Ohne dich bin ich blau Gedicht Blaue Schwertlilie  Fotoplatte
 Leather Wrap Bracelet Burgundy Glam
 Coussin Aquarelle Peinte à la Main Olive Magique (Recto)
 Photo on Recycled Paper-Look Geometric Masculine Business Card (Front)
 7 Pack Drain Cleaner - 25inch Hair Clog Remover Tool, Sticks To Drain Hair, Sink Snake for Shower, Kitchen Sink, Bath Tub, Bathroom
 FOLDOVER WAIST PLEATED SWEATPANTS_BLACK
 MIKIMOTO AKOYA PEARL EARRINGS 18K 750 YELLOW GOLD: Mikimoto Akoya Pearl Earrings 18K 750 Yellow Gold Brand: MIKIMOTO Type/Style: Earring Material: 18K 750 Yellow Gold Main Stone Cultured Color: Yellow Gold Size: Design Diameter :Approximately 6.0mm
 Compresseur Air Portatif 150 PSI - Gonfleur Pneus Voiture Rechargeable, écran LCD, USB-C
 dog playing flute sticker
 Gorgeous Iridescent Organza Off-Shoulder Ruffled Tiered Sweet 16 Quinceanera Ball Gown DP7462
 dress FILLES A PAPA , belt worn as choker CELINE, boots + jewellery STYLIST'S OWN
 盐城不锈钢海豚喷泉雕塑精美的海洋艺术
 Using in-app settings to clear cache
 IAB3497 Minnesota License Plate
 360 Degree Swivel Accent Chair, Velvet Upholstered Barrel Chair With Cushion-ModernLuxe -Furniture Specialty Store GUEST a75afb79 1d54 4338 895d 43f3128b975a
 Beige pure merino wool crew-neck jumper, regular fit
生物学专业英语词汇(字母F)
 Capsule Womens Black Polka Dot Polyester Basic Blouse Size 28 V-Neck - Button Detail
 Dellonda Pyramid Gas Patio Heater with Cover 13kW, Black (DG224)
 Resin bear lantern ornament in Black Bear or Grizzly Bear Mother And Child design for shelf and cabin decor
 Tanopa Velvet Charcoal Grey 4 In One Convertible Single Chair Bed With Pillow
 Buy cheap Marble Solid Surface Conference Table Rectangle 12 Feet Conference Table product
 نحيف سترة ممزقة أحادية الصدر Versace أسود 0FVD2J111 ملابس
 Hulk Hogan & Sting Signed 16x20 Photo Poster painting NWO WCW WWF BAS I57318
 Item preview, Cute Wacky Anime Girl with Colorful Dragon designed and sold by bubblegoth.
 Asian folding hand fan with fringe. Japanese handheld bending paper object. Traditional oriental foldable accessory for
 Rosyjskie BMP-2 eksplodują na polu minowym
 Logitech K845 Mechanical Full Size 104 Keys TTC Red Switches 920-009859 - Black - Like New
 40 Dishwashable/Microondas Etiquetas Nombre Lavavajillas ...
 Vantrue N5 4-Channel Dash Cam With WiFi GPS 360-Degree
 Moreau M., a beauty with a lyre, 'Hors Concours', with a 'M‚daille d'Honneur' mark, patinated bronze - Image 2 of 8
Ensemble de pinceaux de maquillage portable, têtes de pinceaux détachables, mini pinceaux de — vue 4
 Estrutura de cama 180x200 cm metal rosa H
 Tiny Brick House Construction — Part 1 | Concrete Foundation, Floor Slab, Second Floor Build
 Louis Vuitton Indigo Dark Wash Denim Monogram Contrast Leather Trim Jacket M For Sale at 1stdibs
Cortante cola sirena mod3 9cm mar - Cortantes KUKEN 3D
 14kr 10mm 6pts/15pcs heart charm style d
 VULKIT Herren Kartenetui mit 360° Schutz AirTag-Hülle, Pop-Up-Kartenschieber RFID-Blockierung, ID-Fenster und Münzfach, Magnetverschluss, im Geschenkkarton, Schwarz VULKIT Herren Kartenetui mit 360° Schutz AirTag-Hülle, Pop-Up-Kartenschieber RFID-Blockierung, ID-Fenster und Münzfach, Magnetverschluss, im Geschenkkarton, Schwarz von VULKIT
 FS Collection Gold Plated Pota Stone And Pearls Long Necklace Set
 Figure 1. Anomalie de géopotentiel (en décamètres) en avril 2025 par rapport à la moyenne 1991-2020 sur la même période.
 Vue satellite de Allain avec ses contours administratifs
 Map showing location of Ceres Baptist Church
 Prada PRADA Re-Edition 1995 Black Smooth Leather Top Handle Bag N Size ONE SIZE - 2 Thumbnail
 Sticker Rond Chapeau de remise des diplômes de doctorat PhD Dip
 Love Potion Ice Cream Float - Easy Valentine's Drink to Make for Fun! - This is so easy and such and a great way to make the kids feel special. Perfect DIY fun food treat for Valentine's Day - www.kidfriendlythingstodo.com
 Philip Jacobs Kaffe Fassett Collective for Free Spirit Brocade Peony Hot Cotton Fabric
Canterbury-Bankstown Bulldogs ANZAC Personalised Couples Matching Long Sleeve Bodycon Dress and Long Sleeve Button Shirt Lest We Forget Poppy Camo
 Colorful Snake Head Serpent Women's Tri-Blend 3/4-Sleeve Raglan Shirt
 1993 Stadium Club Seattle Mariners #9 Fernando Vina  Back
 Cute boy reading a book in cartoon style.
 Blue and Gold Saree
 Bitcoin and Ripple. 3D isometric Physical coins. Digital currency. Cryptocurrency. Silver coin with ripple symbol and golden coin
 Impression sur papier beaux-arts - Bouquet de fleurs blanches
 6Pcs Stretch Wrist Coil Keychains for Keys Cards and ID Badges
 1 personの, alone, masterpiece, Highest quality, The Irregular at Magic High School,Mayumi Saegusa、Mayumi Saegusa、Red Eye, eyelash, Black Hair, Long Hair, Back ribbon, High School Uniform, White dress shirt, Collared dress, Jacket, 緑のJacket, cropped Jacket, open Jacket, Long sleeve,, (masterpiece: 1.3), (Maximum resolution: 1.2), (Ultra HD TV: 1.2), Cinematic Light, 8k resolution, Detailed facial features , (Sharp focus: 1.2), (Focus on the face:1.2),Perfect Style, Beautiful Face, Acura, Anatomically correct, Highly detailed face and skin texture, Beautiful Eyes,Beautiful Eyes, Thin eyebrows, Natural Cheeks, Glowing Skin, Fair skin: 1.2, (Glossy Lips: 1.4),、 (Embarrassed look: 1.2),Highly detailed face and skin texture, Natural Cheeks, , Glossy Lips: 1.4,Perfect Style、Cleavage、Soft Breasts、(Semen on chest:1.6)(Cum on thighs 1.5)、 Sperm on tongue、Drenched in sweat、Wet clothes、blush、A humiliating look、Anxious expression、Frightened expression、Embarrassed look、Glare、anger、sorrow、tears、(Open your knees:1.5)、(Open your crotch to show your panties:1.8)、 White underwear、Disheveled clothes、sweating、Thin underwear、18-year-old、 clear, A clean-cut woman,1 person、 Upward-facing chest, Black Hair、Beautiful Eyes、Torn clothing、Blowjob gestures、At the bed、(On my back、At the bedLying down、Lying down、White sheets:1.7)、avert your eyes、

::::::::

▶ _WHAT NEEDS TO BE DONE_:
Work through the records line by line and tally those holding "Keys". Reply with the number alone.

▶ _TASK RESULT_:
2